Clint Wilder's picture

The recent dramatic plunge in oil and natural gas prices, to their lowest level since the global recession in 2009, has some observers worried about the effect on clean tech. Conventional wisdom has it that renewables have a tougher time competing when fossil fuels are cheap, making grid parity (in the case of natural gas-fired electricity) more elusive for solar and wind power. 
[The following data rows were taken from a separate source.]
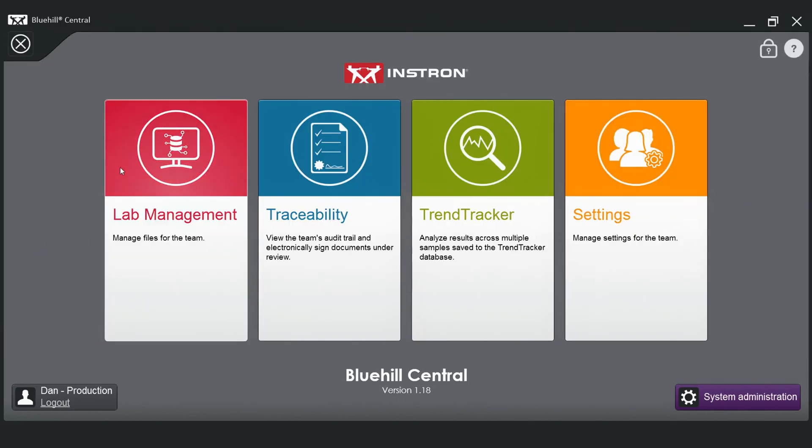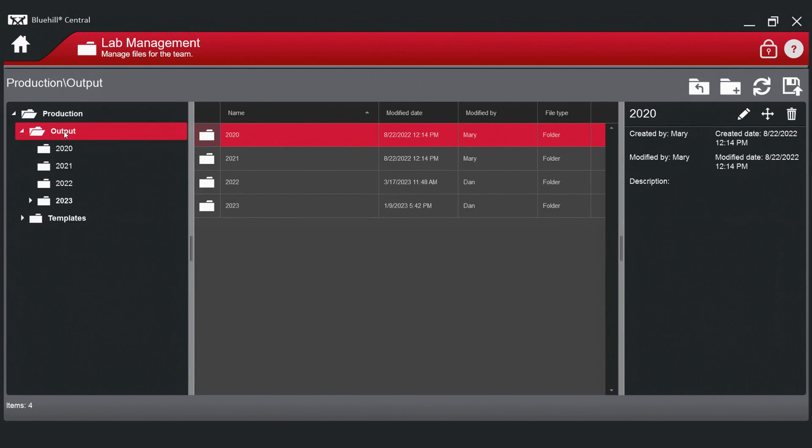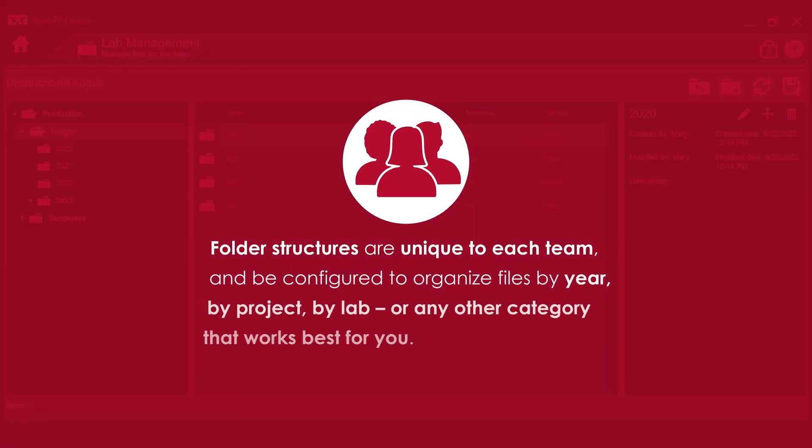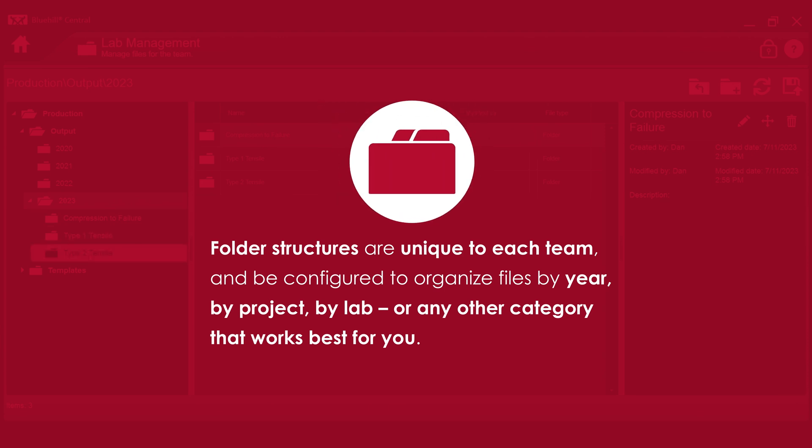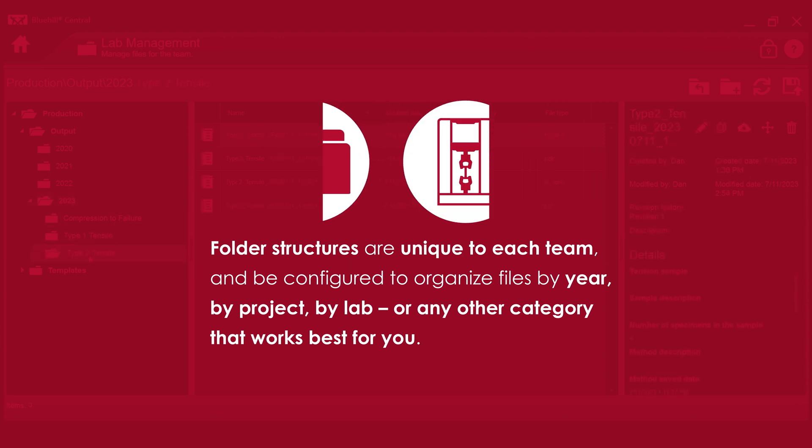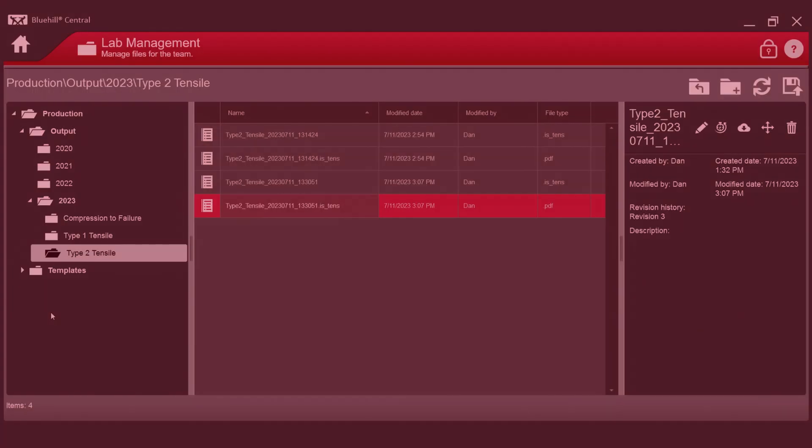In lab management, you choose the folder structure that best fits your needs. Folder structures are unique to each team, and they can be configured to organize files by year, by project, by lab, or any other category that works best for you.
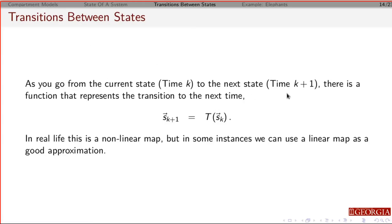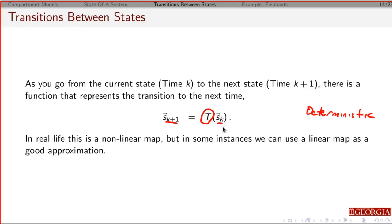As we go from one time span to the next, the next state depends on the previous state via some function. This is a deterministic model — if you know the past population, you can automatically determine the future population. Ordinarily this would be nonlinear and very complicated, but we're going to use a linear transformation as an easier approximation, which can give good or okay approximations for what we're looking at.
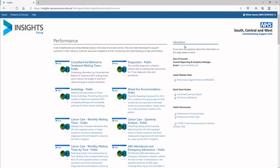This is the Provider Performance Portfolio page. The number of reports available to you may vary depending on the level of access permissions you have been granted.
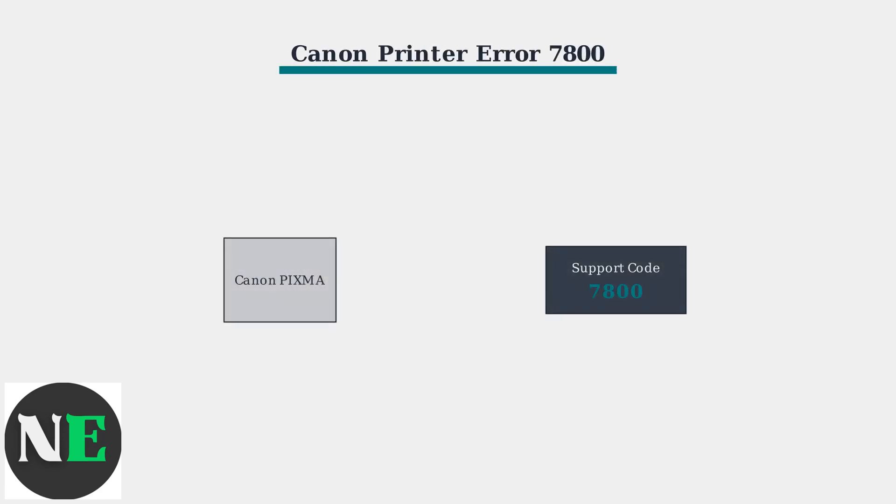Canon printer error 7800, also known as support code 7800, is a critical hardware issue that affects Canon PIXMA series printers. This error can completely shut down your printer and prevent normal operation.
But could it be that the current environment – with gasoline at less than $2 a gallon in much of the United States – is actually a good time to double down on policies to move away from fossil fuels to more renewables and efficiency? 

That’s the conclusion of a special report on energy in the January 17 issue of The Economist headlined “Seize the Day.” “The fall in the price of oil and gas,” writes the venerable magazine that dates back to 1843, “provides a once-in-a-generation opportunity to fix bad energy policies.” Chief among these policies are fossil fuel subsidies, at least some of which were born out of decades-old governmental fear of oil scarcity and soaring prices (I’ll let others debate how many came from mere lobbying power). The Economist calls fossil fuel subsidies a “rathole” which swallowed an estimated $550 billion from governments across the globe last year. “Falling prices provide an opportunity to rethink this nonsense,” the magazine continues. “Why should American taxpayers pay for Exxon to find hydrocarbons?” 

The Economist is not a big fan of subsidies for clean energy either, and Ron Pernick and I recommended phasing out all energy subsidies in the Seven-Point Action Plan presented in our 2012 book Clean Tech Nation. Renewables and efficiency could compete on their own merits on a truly level playing field, if that is ever possible in the energy sector. The recent plummet of oil and natural gas prices may be grabbing headlines, but it’s nothing compared to the (longer-term) drop in the cost of solar PV panels – by a factor of five in the past six years, according to the International Energy Agency. 

Returning half a trillion dollars to global government coffers could obviously fund myriad infrastructure projects including grid modernization (plus projects like schools and hospitals, which nations like India and Indonesia are doing after cutting fuel subsidies). But low oil prices also create the opportunity to modestly raise taxes on fossil fuels without major economic (and one hopes, political) pain. This idea has been proposed in Congress – somewhat amazingly, by members of both parties. Sen. Bob Corker (R-Tennessee) recently co-sponsored a bill that would raise the gas tax by 12 cents over two years. Other prominent Republican senators like South Dakota’s John Thune and (really!) Oklahoma’s Jim Inhofe have said a gas tax increase is on the table. America’s bridge and highway infrastructure is crumbling, and the current 18.4 cents-per-gallon tax has not been raised in more than two decades. 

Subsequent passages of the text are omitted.